▶ _Entries supplied_
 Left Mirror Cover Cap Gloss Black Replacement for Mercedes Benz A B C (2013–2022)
--
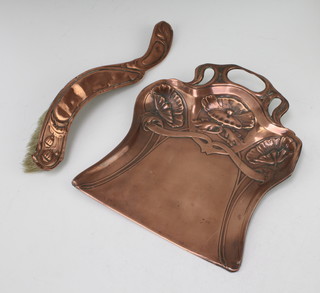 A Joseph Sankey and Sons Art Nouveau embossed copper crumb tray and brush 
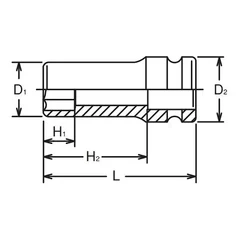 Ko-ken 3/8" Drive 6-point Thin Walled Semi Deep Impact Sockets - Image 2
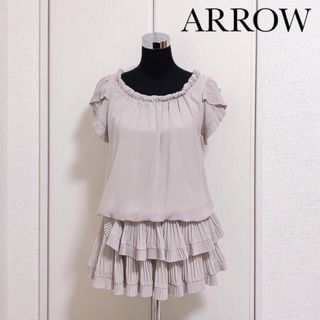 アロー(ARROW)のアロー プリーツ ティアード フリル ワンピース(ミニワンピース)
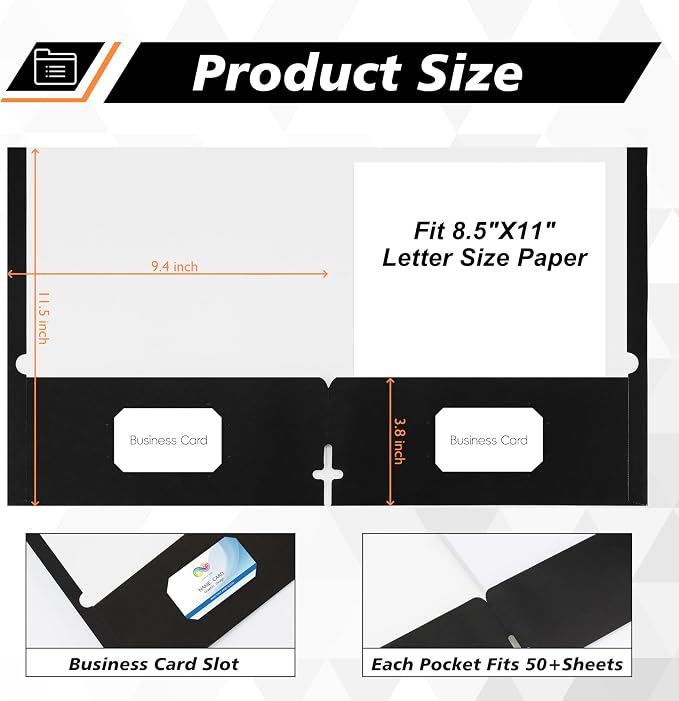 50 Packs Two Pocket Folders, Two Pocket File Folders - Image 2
==
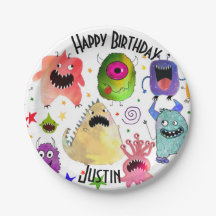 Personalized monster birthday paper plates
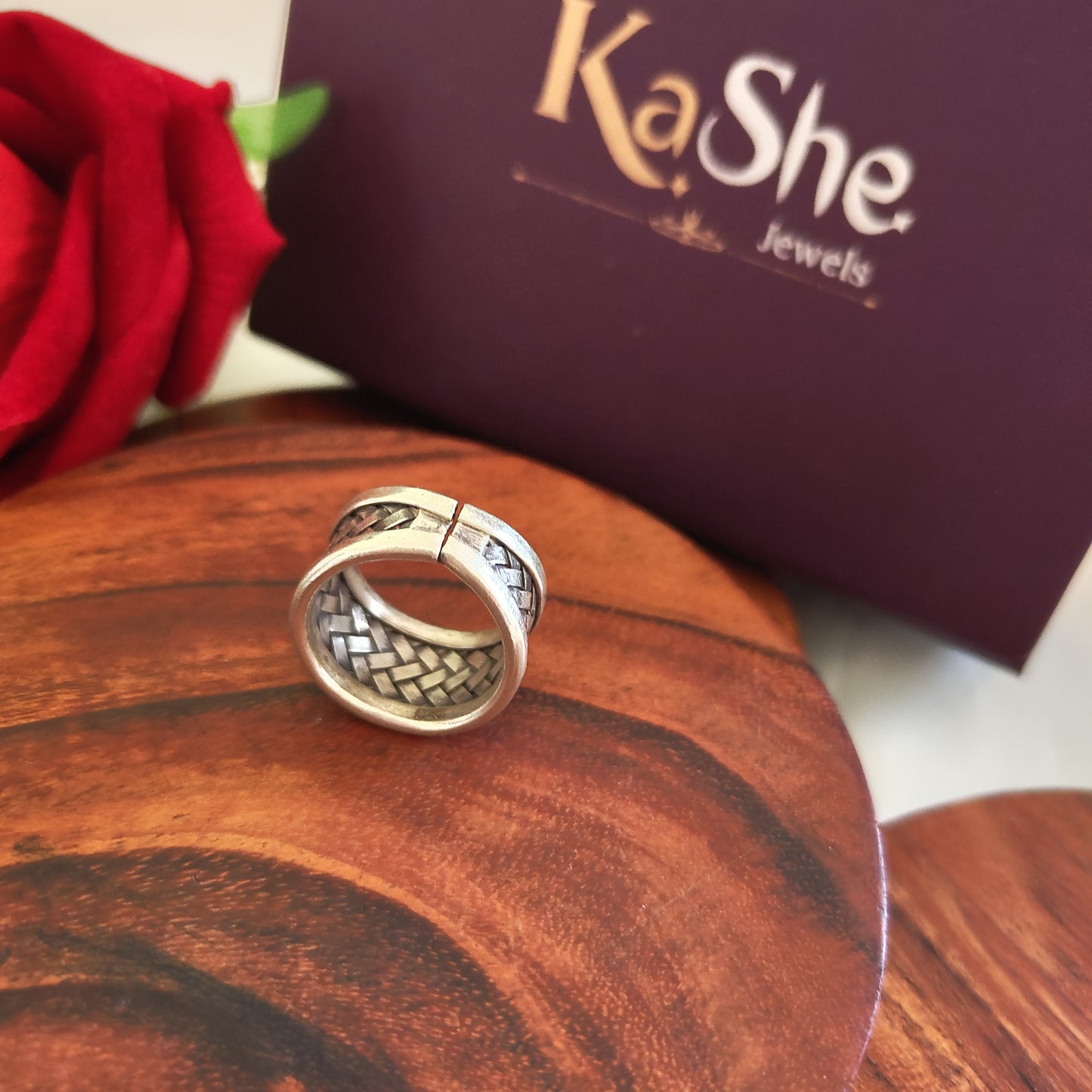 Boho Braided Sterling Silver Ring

▶ _Problem statement_
Print the part of the listing above that opens with the line containing "A Joseph Sankey" and closes with the line containing "50 Packs Two". Copy it exactly, both ends included, and omit the pictures.

▶ _Result below_
 A Joseph Sankey and Sons Art Nouveau embossed copper crumb tray and brush 
 Ko-ken 3/8" Drive 6-point Thin Walled Semi Deep Impact Sockets - Image 2
 アロー(ARROW)のアロー プリーツ ティアード フリル ワンピース(ミニワンピース)
 50 Packs Two Pocket Folders, Two Pocket File Folders - Image 2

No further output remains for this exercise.